Even through containment/isolation goals are common for nuclear gloveboxes and pharmaceutical barrier/isolators, there are major differences in the operating requirements for their specific applications. There are also significant differences in the design of barrier/isolators for toxic compounds and sterile applications within the pharmaceutical industry. It is necessary to have a complete understanding of the customers process to adequately address and satisfy those differences.
Cleanliness and cleanability of all equipment and mechanisms inside the barrier/isolator is a major objective. This is not as critical in glovebox systems as once the system goes operational it is very difficult and usually not cost effective to decontaminate for reuse.
Many of the lessons learned in converting a conventional DDTS to a pharmaceutical RTP, as reported in this paper, may be applicable to other types of equipment used in barrier/isolators.

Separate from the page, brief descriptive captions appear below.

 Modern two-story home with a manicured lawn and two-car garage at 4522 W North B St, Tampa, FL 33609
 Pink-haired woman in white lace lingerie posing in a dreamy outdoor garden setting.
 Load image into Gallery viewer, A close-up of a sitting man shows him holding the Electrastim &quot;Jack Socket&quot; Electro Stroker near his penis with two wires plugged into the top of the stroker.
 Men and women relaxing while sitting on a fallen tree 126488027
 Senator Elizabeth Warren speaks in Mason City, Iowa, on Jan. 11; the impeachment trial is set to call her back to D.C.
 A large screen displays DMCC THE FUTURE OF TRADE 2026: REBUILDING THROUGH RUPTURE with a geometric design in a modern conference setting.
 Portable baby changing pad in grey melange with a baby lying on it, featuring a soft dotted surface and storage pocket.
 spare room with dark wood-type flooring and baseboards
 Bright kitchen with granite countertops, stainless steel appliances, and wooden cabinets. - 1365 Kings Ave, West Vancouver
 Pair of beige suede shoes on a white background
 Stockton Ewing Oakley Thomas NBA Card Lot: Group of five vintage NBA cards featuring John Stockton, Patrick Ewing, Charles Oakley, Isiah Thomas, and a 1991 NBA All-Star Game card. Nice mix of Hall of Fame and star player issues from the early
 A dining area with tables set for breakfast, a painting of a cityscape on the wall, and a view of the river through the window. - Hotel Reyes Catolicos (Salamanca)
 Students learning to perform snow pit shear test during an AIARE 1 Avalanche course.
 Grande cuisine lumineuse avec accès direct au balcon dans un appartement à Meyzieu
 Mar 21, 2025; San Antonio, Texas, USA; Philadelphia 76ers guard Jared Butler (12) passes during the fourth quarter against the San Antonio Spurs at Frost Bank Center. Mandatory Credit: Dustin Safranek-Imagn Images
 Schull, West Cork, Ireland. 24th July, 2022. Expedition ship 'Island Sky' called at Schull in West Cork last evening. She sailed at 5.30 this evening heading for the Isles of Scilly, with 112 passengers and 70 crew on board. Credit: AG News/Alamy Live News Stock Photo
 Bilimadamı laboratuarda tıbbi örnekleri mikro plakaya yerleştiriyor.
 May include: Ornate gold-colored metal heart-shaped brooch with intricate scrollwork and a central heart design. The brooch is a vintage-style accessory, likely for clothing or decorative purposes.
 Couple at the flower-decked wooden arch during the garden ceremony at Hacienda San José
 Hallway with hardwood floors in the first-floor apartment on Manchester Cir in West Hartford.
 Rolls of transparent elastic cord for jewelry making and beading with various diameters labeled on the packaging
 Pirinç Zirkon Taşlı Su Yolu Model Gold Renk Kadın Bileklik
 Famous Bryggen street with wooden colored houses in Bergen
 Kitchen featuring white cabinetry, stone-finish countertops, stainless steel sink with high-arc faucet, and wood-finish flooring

Bacteria, toxic compounds, and radioactive particles all need to be controlled. The differences are in the level of control and the processes used to implement that control.
Melahn, John F., 1995. "A Barrier Isolation Syringe Fill System", ISPE Barrier Isolation Technology Conference, Rockville, Maryland.
Marohl, Rudy, 1995. "Sterilizable Transfer Port For Pharmaceutical Isolators", American Glovebox Society 1995 Proceedings.
Jennrich, C., Adams, R., Marohl, R. "A System For Introducing Pre-Packaged and Pre-Sterilized Stoppers Into A Sterilized Isolator", ISPE Barrier Isolation Technology Conference, Rockville, Maryland.